Note, if error checking is implemented then the tracking register
is also implemented. In step 725, it is determined if the
predetermined number of clock cycles has been reached to trigger
circuit replacement by the clock cycle counter and repair
processor. If not the method continues to count until the
predetermined number of counts is reached and then the method
proceeds to step 730. In step 730, if the tracking register has
been implemented then the method proceeds to step 735, otherwise
the method proceeds to step 740.
[0069] Returning to step 720, if in step 720 if error checking has
been implemented the method proceeds to step 745. In step 745, an
error check of the current redundant circuit is performed according
to a predefined protocol, examples of which have been described
supra. The current redundant circuit may or may not have operated
on actual data at this point as discussed supra. Next, in step 750
it is determined if the current redundant circuit has failed. If
not the method proceeds to step 755 otherwise the method proceeds
to step 760 where the fail is marked in the tracking register and
the method proceeds to step 740. If in step 750, the current
redundant circuit has not failed then in step 755, it is determined
if the predetermined number of clock cycles has been reached to
trigger circuit replacement/repair by the clock cycle counter. If
not the method loops back to step 745, otherwise the method
proceeds to step 735.
[0070] In step 735 the latest use of the current redundant circuit
is marked in the tracking register and the method proceeds to step
740.
[0071] In step 740, it is determined if another redundant circuit
is available. This is either the next sequential redundant circuit
if error checking has not been implemented or the next non-failing
redundant circuit if error checking has been implemented. This may
be a redundant circuit previously installed and replaced. If in
step 740 another redundant circuit is available then the method
proceeds to step 760 where five options, depending on the circuit
implementation are available, otherwise the method loops back to
step 715.
[0072] (1) If stress reduction circuits have been implemented, the
method can proceed to step 765 where redundant circuit operating
stress is reduced by reducing, for example, operating voltage,
operating frequency and/or increasing transistor body bias and the
method loop back to step 715 where redundant circuit replacement
can proceed as long as there are available redundant circuits.

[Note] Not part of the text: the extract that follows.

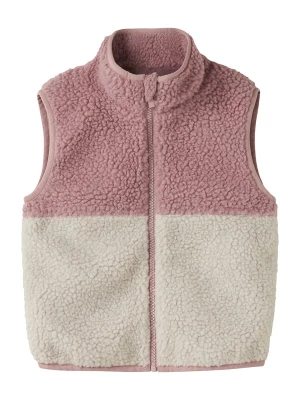 Obrázek produktu NAME IT Vesta 'NMFMALL' starorůžová / offwhite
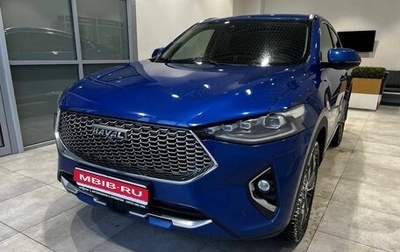Haval F7x I, 2021 год, 1 900 000 рублей, 1 фотография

[0073] (2) If stress reduction circuits have been implemented, the
method can proceed to step 770 where redundant circuit operating
stress is reduced by reducing, for example, operating voltage,
operating frequency and/or increasing transistor body bias and the
method ends.
[0074] (3) If stress reduction circuits have been implemented along
with a robust redundant circuit, the method can proceed to step 775
where redundant circuit operating stress is reduced by reducing,
for example, operating voltage, operating frequency and/or
increasing transistor body bias, the robust redundant circuit is
installed and the method ends.
[0075] (4) The method can proceed to step 780 where the
device/integrated circuit continues to run on its last replaced
redundant circuit and the method ends.
[0076] (5) If a robust redundant circuit has been implemented, the
method can proceed to step 785 where the robust redundant circuit
is installed, the device continues to run on the robust redundant
circuit and the method ends.
[0077] Thus, the present invention provides a method for mitigating
the probability of early failures due to increased operating
frequency.
[0078] The description of the embodiments of the present invention
is given above for the understanding of the present invention. It
is understood that the invention is not limited to the particular
embodiments described herein, but is capable of various
modifications, rearrangements and substitutions as will now become
apparent to those skilled in the art without departing from the
scope of the invention. For example, after a given number of clock
cycles a voltage regulator could be replaced with another voltage
regulator of a different output voltage than the replaced voltage
regulator, or the original voltage regulator can be adjusted to
output a different voltage level than before in order to
compensation for wear-out of circuits supplied by the voltage
regulator. Further, the signal being counted need not be a clock
signal but any signal switching between two (or more) states. The
system may have inherent features of being total autonomic, or
smart-autonomic. As various units as described above are replaced,
an overall autonomic counter may be employed to keep track of the
"health of the system," providing a weighted output that will
elicit additional smart-autonomic controls. For example, if a
voltage regulator is operating on it's last replacement module, the
smart-autonomic controller may reduce the input voltage to the
regulator thus placing it on a longer, or indefinite lifetime
curve. The smart-autonomic controller may also send console
messages, or log this event for a field repair to occur. The
smart-autonomic controller may also, for example, replace a last
failing unit (e.g. a system clock) with one that is optimized to
operate at a reduced frequency, and is known as in the case of the
voltage regulator to have an infinite lifetime curve. Such
interventions are easily integrated with technology alterations, in
the case of the clock example by having an infinite lifetime clock
designed at a gate length that is known reliable. In this case the
unit would suffer frequency degradation, but as in the case of the
voltage regulator, a console message or log can alert filed service
to replace the entire unit. Therefore, it is intended that the
following claims cover all such modifications and changes as fall
within the true spirit and scope of the invention.
* * * * *